Task prompt: Transcribe the lines below verbatim, skipping the images.

Information shown:
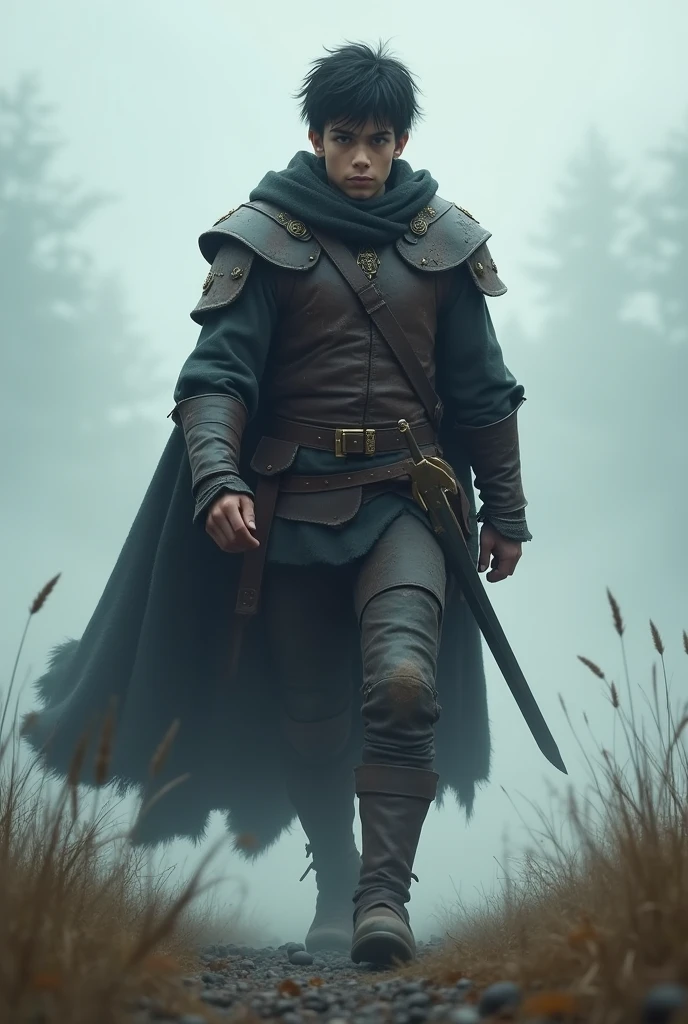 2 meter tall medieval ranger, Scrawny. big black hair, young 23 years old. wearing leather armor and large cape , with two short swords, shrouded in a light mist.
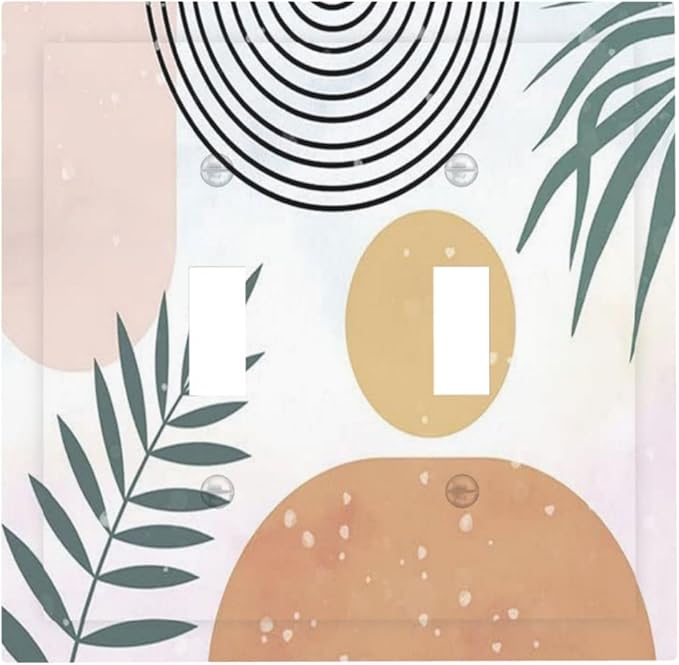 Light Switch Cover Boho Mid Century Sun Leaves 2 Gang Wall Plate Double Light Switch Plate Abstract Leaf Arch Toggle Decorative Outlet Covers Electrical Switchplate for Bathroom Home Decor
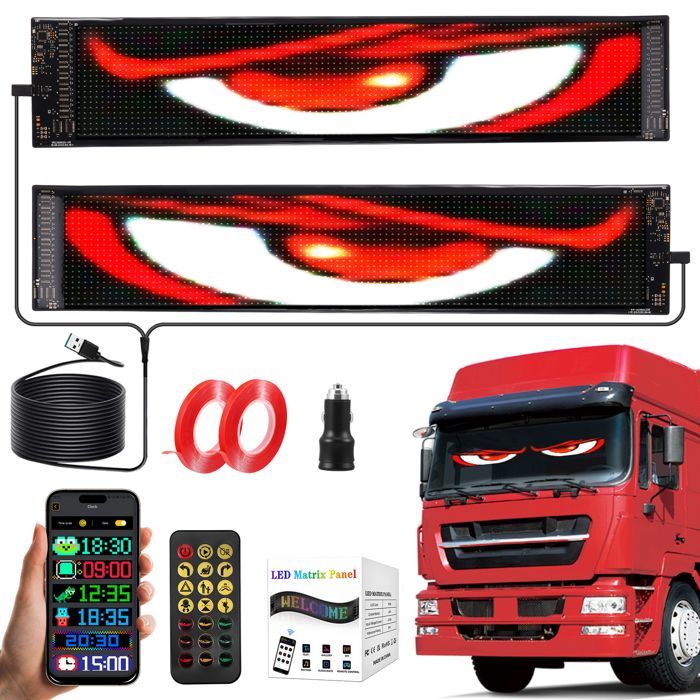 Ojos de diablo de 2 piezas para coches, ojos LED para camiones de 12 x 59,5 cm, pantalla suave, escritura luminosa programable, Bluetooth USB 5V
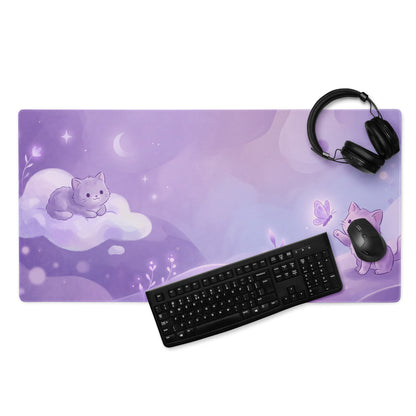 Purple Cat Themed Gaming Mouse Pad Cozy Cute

Task output:
 2 meter tall medieval ranger, Scrawny. big black hair, young 23 years old. wearing leather armor and large cape , with two short swords, shrouded in a light mist.
 Light Switch Cover Boho Mid Century Sun Leaves 2 Gang Wall Plate Double Light Switch Plate Abstract Leaf Arch Toggle Decorative Outlet Covers Electrical Switchplate for Bathroom Home Decor
 Ojos de diablo de 2 piezas para coches, ojos LED para camiones de 12 x 59,5 cm, pantalla suave, escritura luminosa programable, Bluetooth USB 5V
 Purple Cat Themed Gaming Mouse Pad Cozy Cute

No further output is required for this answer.